PUTTING FEET ON THE GROUND IN 26 COUNTRIES TO PROMOTE & MARKET IE

Cabrera says that Iniguez launched a campaign to have “feet on the ground” in key markets all over the world, reaching out to local leaders and the media, recruiting students, and cultivating local alumni. “Having someone on the ground who can tell the story of the school made a very big difference and he started it,” praises Cabrera. By 2004, when Iniguez succeeded Cabrera as dean, the school boasted eight offices in seven countries, initially Latin America because it would be more closely aligned with Spain and its traditions. Today, IE has 28 different offices in 26 countries.

“In Latin America, IE identified a lot of people who were smart and poised and brought them into Spain for management training,” says Bach, the former IE strategy professor who served as associate dean of the MBA program and then dean of programs until his departure for Yale in 2012. “These people ended up doing very well.
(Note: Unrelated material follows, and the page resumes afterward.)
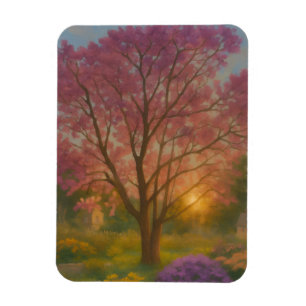 Golden Bloom - Sonnenuntergang Gemälde im Garten Magnet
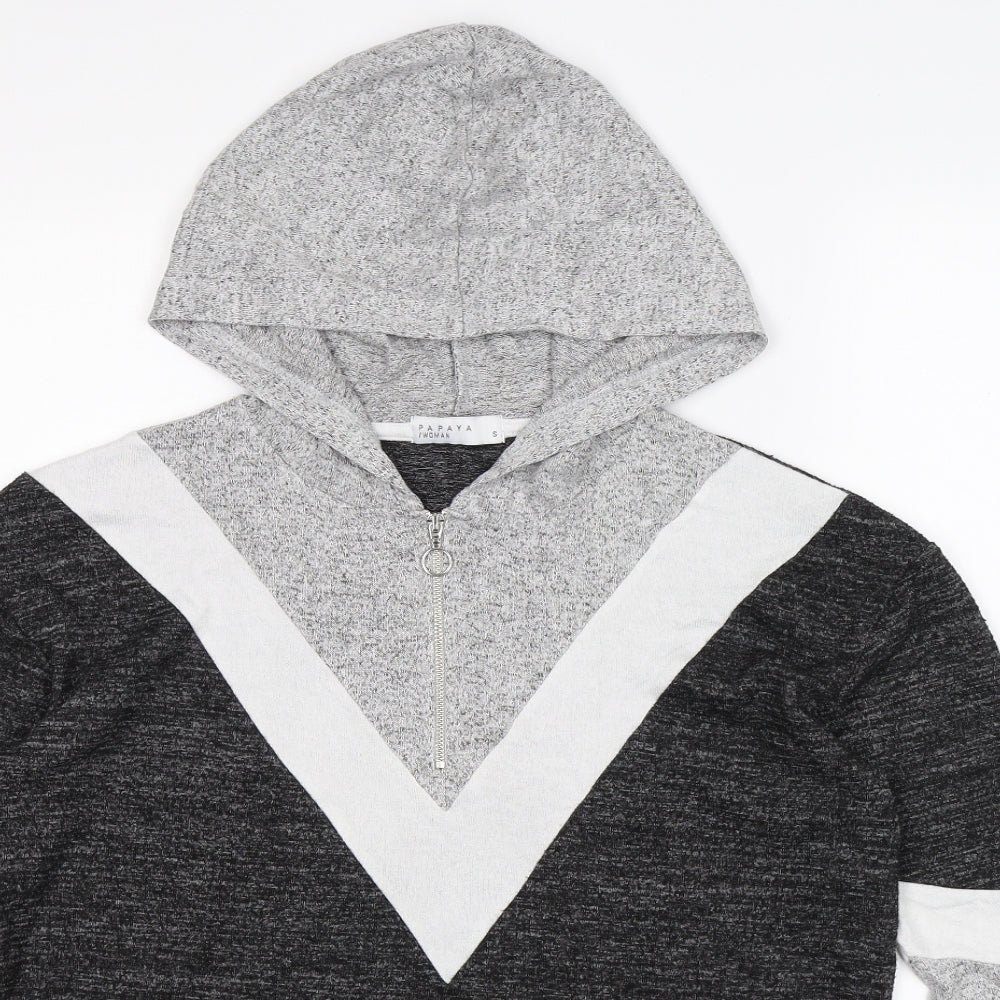 Papaya Womens Grey   Pullover Hoodie Size S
By adding a lot of value to people who would not have necessarily been the most sought after by London Business School, INSEAD and the U.S. schools really helped put the school on the map. Over time, we got better and better students and more from Europe and Asia.”

The network was and remains essential to the school’s success—and a strategy copied by several other schools. “We cannot rely solely on our brand (to attract students), particularly because the brands of our American and European competitors are very strong,” says Iñiguez. “Brown University doesn’t need to do marketing to attract applicants. We need to run lots of initiatives in order to attract applicants from the U.S., the Middle East and China.”

‘WE NEEDED TO ACHIEVE SIZE AND SCALE’

He also had to overhaul the school’s offerings to make IE more appealing to global candidates. When Iñiguez became dean, the school’s portfolio consisted of an MBA, an executive MBA, and master’s degree programs in e-business, human resources management and marketing. Roughly 70% of those programs were taught in Spanish. Iniguez strongly believed the school had to build a much larger menu of programs, teach them largely in English, and expand the reach of the school far beyond Spain’s borders.

“One of the main ideas I had was that in order to become a truly global business school we needed to achieve size and scale and develop a full service strategy,” says Iñiguez. “So one goal was to become a full service, vertically integrated school. The other vector of diversification was markets. Spain is a relatively small market in comparison to others, and we couldn’t actually depend on the Spanish market. Diversification has actually built a shield for us. We are not dependent on a single market, definitely not on Spain. If we were, the past financial crisis would have killed us.”

To go global, however, meant teaching most programs in English and hiring the faculty to do so. “One of the principles I tried to implement is that we should run all our programs by default in English,” Iñiguez explains. “You can imagine there were lots of people who defended our Spanish programs. But we realized that if we wanted to compete globally, we had to use English as the lingua franca of the school. It’s the language of higher education and of business globally. Every new program is now in English. It is an exception to launch a program in Spanish.”